Toute paix conclue avec Napoléon n’est pas une paix, c’est un armistice, qui ne nous donnera que quelques jours de repos. Sachez une fois pour toutes que je ne serai pas toujours disposé à faire faire 400 lieues à mes troupes pour venir à votre secours. Je ne ferai pas la paix tant que Napoléon restera sur le trône6.
6Intransigeant à l’égard de Napoléon, Alexandre Ier s’avère au même moment soucieux d’épargner la France et de ne pas lui dicter des conditions de paix trop dures. Le souverain russe est en effet convaincu que pour sauvegarder l’équilibre entre les différents États d’Europe – seul gage pour lui d’une paix durable pour le vieux continent –, il faut que la France reste forte car, trop affaiblie et amputée territorialement, elle ne serait plus en mesure de faire contrepoids aux puissances autrichienne et britannique, et le principe d’équilibre s’en trouverait menacé. Aussi, le31 mars 1814, alors que les Parisiens s’attendent à des exactions de grande ampleur – les trois mois de campagne ont été marqués par des violences à l’égard des populations civiles, les régiments cosaques traînent dans leur sillage une sinistre réputation et il est à craindre que le tsar ne veuille faire payer à Paris l’incendie de Moscou –, Alexandre Ier exprime-t-il dès sa première déclaration publique ses intentions magnanimes.
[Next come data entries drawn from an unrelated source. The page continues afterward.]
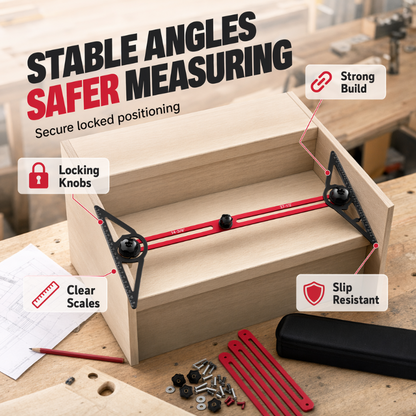 📐 OFFRE LIMITÉE : 50 % DE RÉDUCTION ! ⚙️ Kit d'outils de marquage multifonctionnel pour le travail du bois – Aluminium massif, haute précision, portable ✨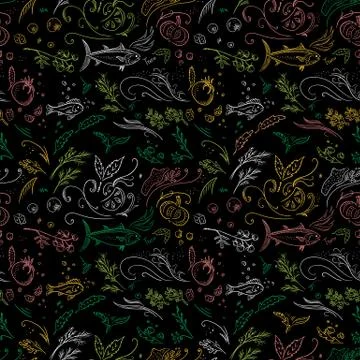 Black food pattern Stock Illustration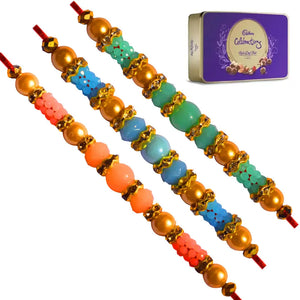 3 Rakhi - AD Pearls and Colored Beads Rakhi With Chocolates
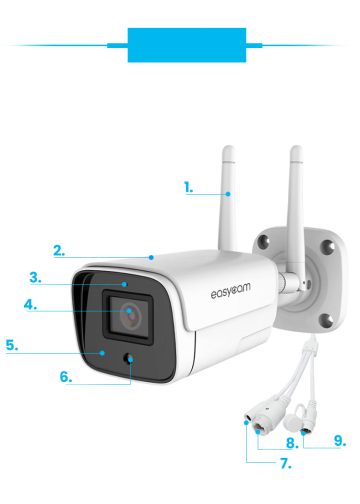 EasyCam IP āra kameras caurule WiFi IR 30m Tuya 5MP EC-5T2IR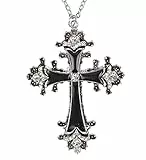 W WIDMANN MILANO Party Fashion - Kreuz Halskette Damen, Gothic Schmuck mit Anhänger, Kostüm Accessoire für Halloween, Karneval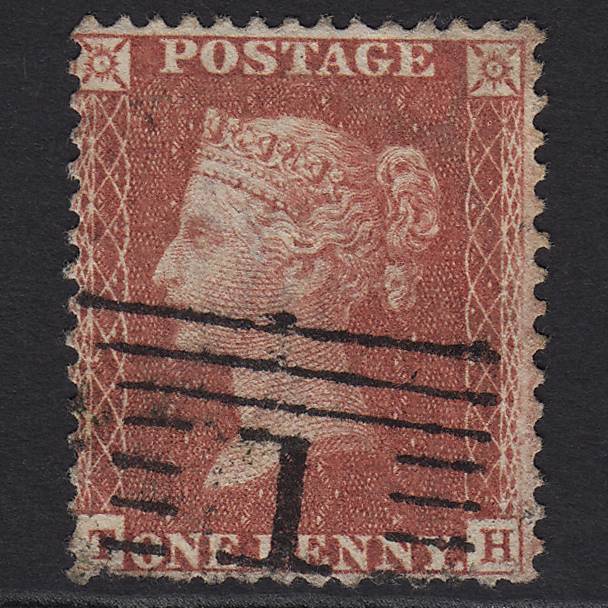 GB QV 1857 1d Rose-red (Plate 27) SG40-C10(1) TH GU Aberdeen 1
Il établit ainsi une distinction très nette entre la responsabilité pleine et entière de Napoléon et l’innocence du peuple français, à ses yeux victime lui aussi de la tyrannie napoléonienne, et déclare de manière significative aux nouvelles autorités parisiennes :
Votre empereur est venu jusque dans le cœur de mes États y apporter des maux, dont les traces dureront longtemps. Une juste défense m’a amené jusqu’ici, et je suis loin de vouloir rendre à la France les maux que j’en ai reçus. Je suis juste, je sais que ce n’est pas le tort des Français. Les Français sont mes amis, et je veux leur prouver que je viens rendre le bien pour le mal. Napoléon est mon seul ennemi7.
7Pour autant, une fois Napoléon défait et son abdication prononcée, le tsar ne s’acharne pas sur l’empereur déchu : au contraire, puisque par l’intermédiaire de Caulaincourt, ancien ambassadeur de France à Saint-Pétersbourg et émissaire de Napoléon pour lequel il a beaucoup d’estime, Alexandre négocie le généreux traité de Fontainebleau et l’impose à ses alliés : signé le 11 avril 1814, le texte confirme l’abdication de Napoléon, lui accorde la principauté de l’île d’Elbe et prévoit que l’État français lui versera un revenu annuel de 2 millions de francs, tandis que des pensions avantageuses sont prévues pour les membres de sa famille.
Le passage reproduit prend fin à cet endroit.